Can data science save social media?
Bob Ackerman Jr.
Contributor
Robert Ackerman Jr. is the founder and a managing director of Allegis Capital, an early-stage cybersecurity venture firm, and a founder of DataTribe, a startup “studio” for fledgling cyber startups staffed by former government technology innovators and cybersecurity professionals.
More posts by this contributor
- The Trump team has failed to address the nation’s mounting cybersecurity threats
- Changing the security landscape for entrepreneurs
The unfettered internet is too often used for malicious purposes and is frequently woefully inaccurate. Social media — especially Facebook — has failed miserably at protecting user privacy and blocking miscreants from sowing discord.
That’s why CEO Mark Zuckerberg was just forced to testify about user privacy before both houses of Congress. And now governmental regulation of Facebook and other social media appears to be a fait accompli.
At this key juncture, the crucial question is whether regulation — in concert with Facebook’s promises to aggressively mitigate its weaknesses — will correct the privacy abuses and continue to fulfill Facebook’s goal of giving people the power to build transparent communities, bringing the world closer together?
The answer is maybe.
What has not been said is that Facebook must embrace data science methodologies initially created in the bowels of the federal government to help protect its two billion users. Simultaneously, Facebook must still enable advertisers — its sole source of revenue — to get the user data required to justify their expenditures.
Specifically, Facebook must promulgate and embrace what is known in high-level security circles as homomorphic encryption (HE), often considered the “Holy Grail” of cryptography, and data provenance (DP). HE would enable Facebook, for example, to generate aggregated reports about its user psychographic profiles so that advertisers could still accurately target groups of prospective customers without knowing their actual identities.

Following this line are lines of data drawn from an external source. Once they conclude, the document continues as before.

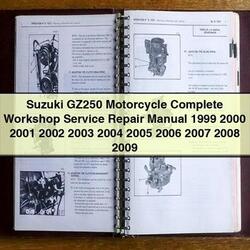 1999-2009 Suzuki GZ250 Motorcycle Service Repair Workshop Manual PDF
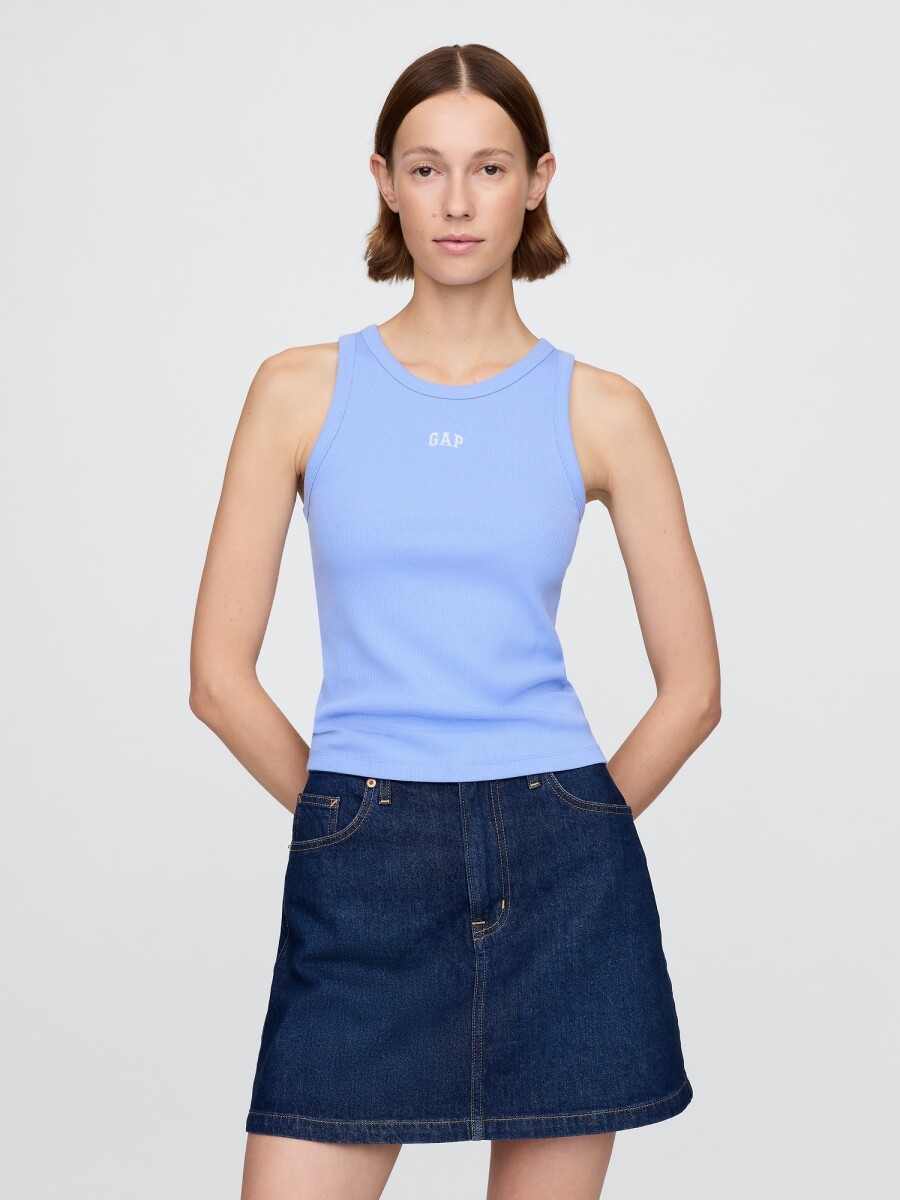 Musculosa Halter Mujer - Shirting Blue 
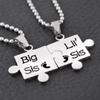 Comelyjewel Jigsaw Shape Bff Lettering Stainless Steel Necklace Pendant Set view 3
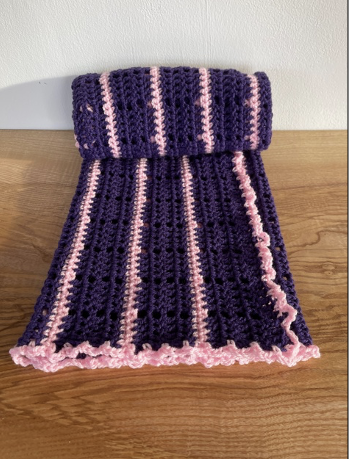 Baby Blanket Purple & Pink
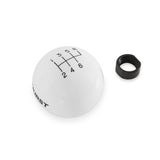 Hurst Shift Knob - 6-Speed - White - 1630016
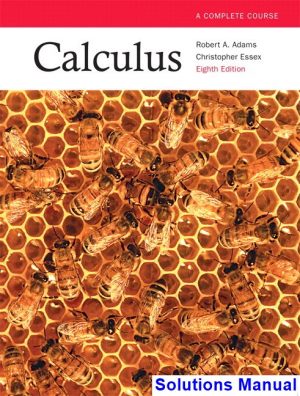 Calculus A Complete Course Canadian 8th Edition Adams Solutions Manual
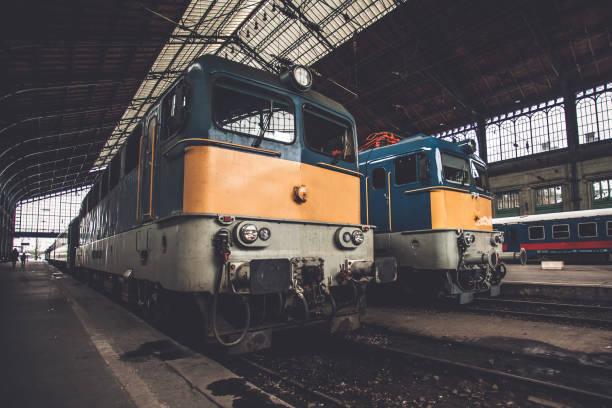 istock Old trains at railway station of Budapest 1145766807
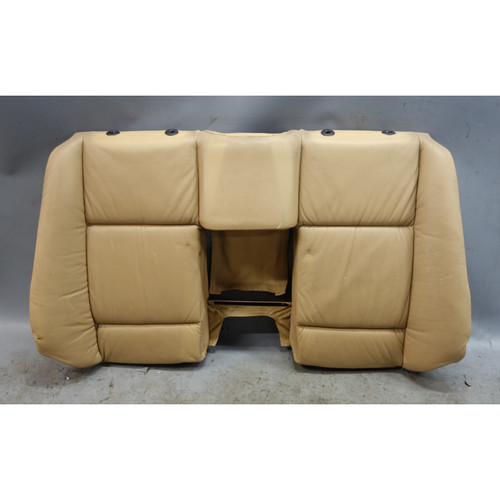 94-99 BMW E36 3-Series Convertible Rear Seat Backrest Sand Beige Leather OEM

Meanwhile, data provenance — the process of tracing and recording true identities and the origins of data and its movement between databases — could unearth the true identities of Russian perpetrators and other malefactors, or at least identify unknown provenance, adding much-needed transparency in cyberspace.
Both methodologies are extraordinarily complex. IBM and Microsoft, in addition to the National Security Agency, have been working on HE for years, but the technology has suffered from significant performance challenges. Progress is being made, however. IBM, for example, has been granted a patent on a particular HE method — a strong hint it’s seeking a practical solution — and last month proudly announced that its rewritten HE encryption library now works up to 75 times faster. Maryland-based ENVEIL, a startup staffed by the former NSA HE team, has broken the performance barriers required to produce a commercially viable version of HE, benchmarking millions of times faster than IBM in tested use cases.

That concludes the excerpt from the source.